Copy every entry below exactly as it appears, leaving out the images.
/---
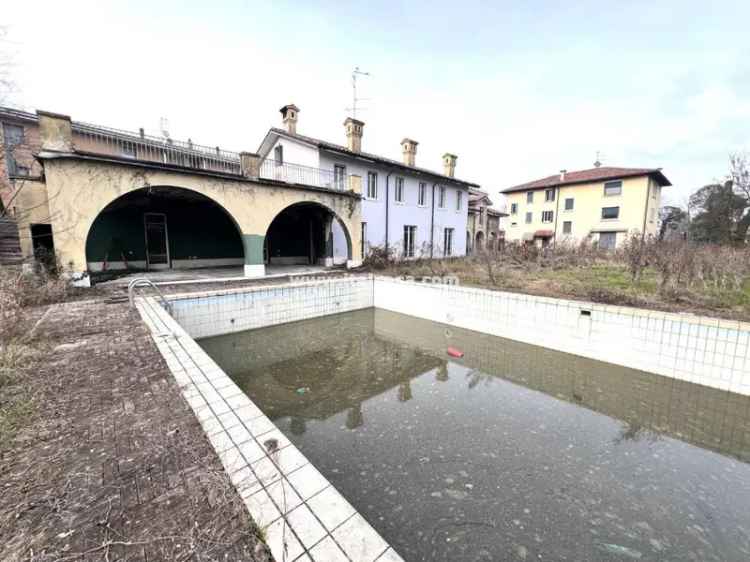 Villa unifamiliare Strada Romana, Cerese, Borgo Virgilio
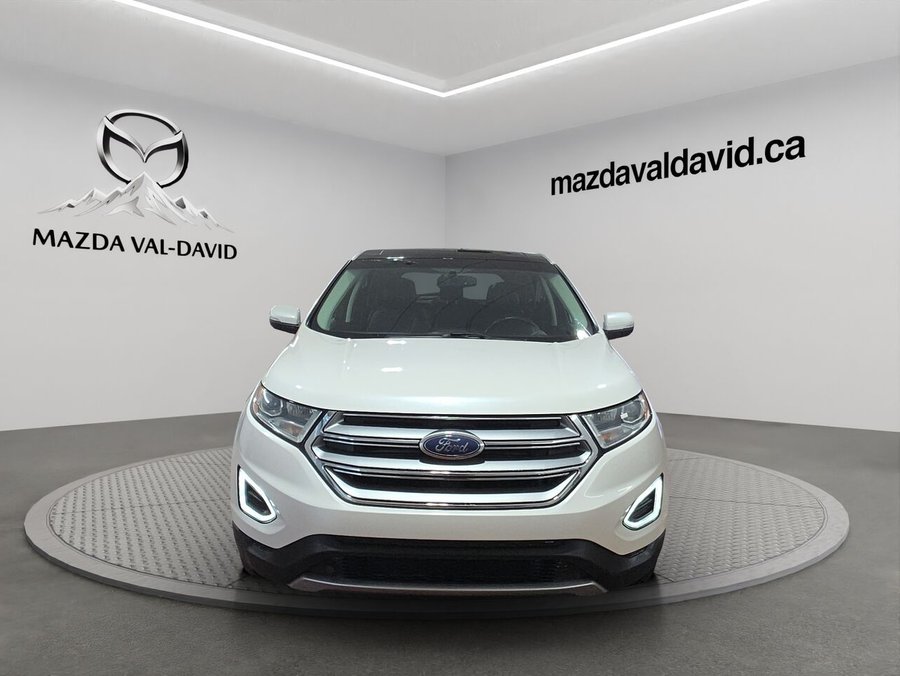 Ford Edge 4 portes Titanium, Traction intégrale, sièges en cuir, navigation, toit ouvrant panoramique 2016 Blanc
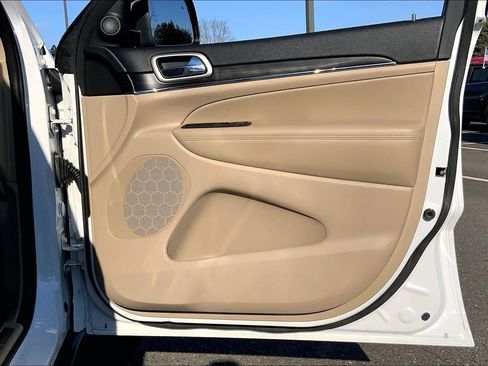 Used 2021 Jeep Grand Cherokee Limited image 21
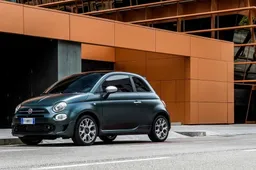 Fiat 500 si lancia in Russia: il cinquino sbarca a Mosca con il car sharing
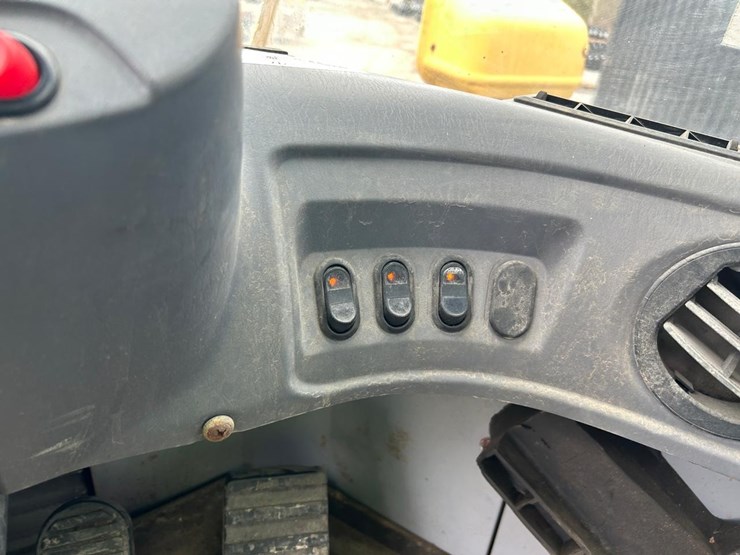 komatsu-wa380-6-image-23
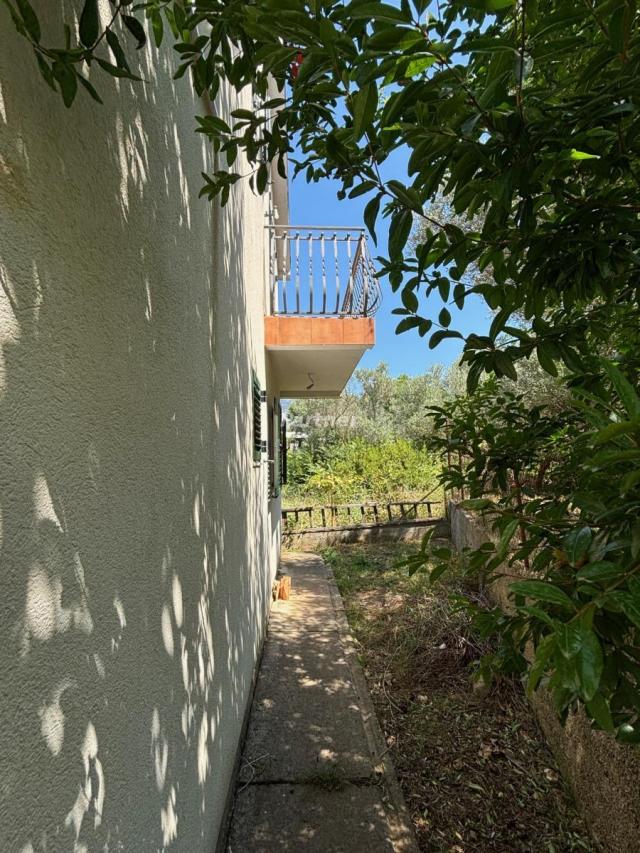 Haus 208 m2, Bjelisi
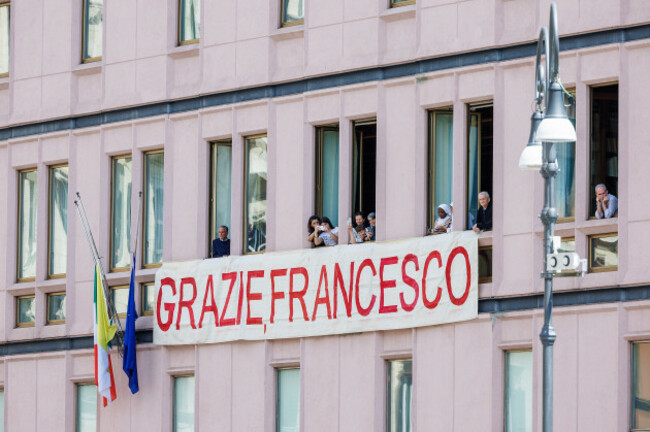 roma-italia-26th-apr-2025-il-feretro-di-papa-francesco-arriva-nella-basilica-di-santa-maria-maggiore-roma-sabato-26-aprile-2025-foto-roberto-monaldolapresse-pope-francis-coffin-arrives-at-t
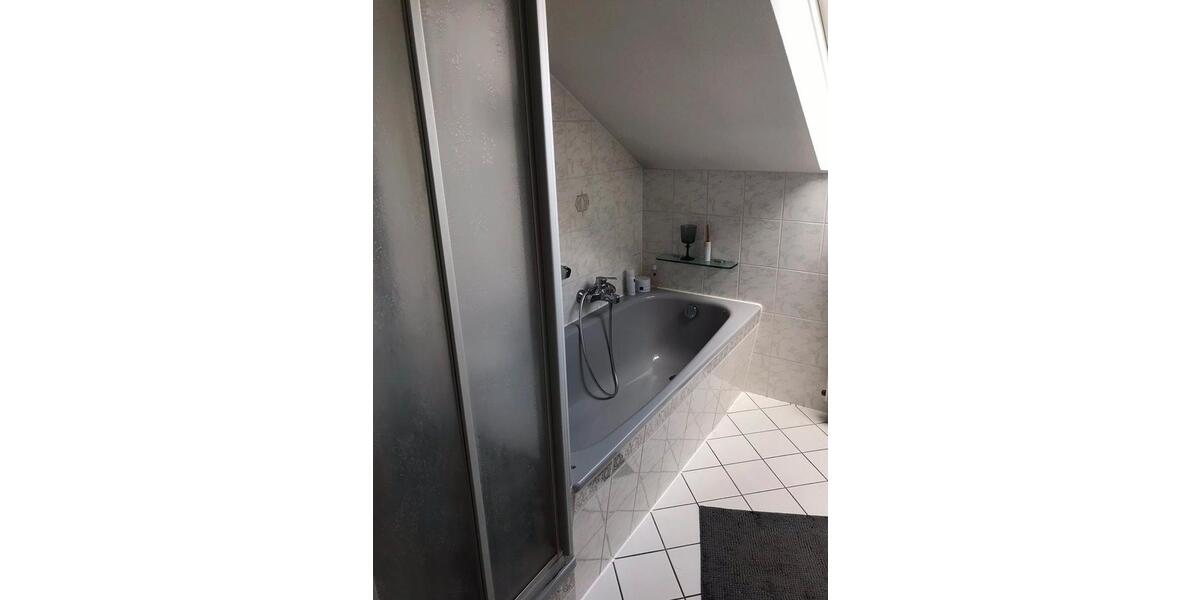 Dachgeschoßwohnung Bexbach - 2 Zimmer, 60 m&sup2;, 132.000&euro; | Angebot:27117747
\---
→ **RESPONSE**:
 Villa unifamiliare Strada Romana, Cerese, Borgo Virgilio
 Ford Edge 4 portes Titanium, Traction intégrale, sièges en cuir, navigation, toit ouvrant panoramique 2016 Blanc
 Used 2021 Jeep Grand Cherokee Limited image 21
 Fiat 500 si lancia in Russia: il cinquino sbarca a Mosca con il car sharing
 komatsu-wa380-6-image-23
 Haus 208 m2, Bjelisi
 roma-italia-26th-apr-2025-il-feretro-di-papa-francesco-arriva-nella-basilica-di-santa-maria-maggiore-roma-sabato-26-aprile-2025-foto-roberto-monaldolapresse-pope-francis-coffin-arrives-at-t
 Dachgeschoßwohnung Bexbach - 2 Zimmer, 60 m&sup2;, 132.000&euro; | Angebot:27117747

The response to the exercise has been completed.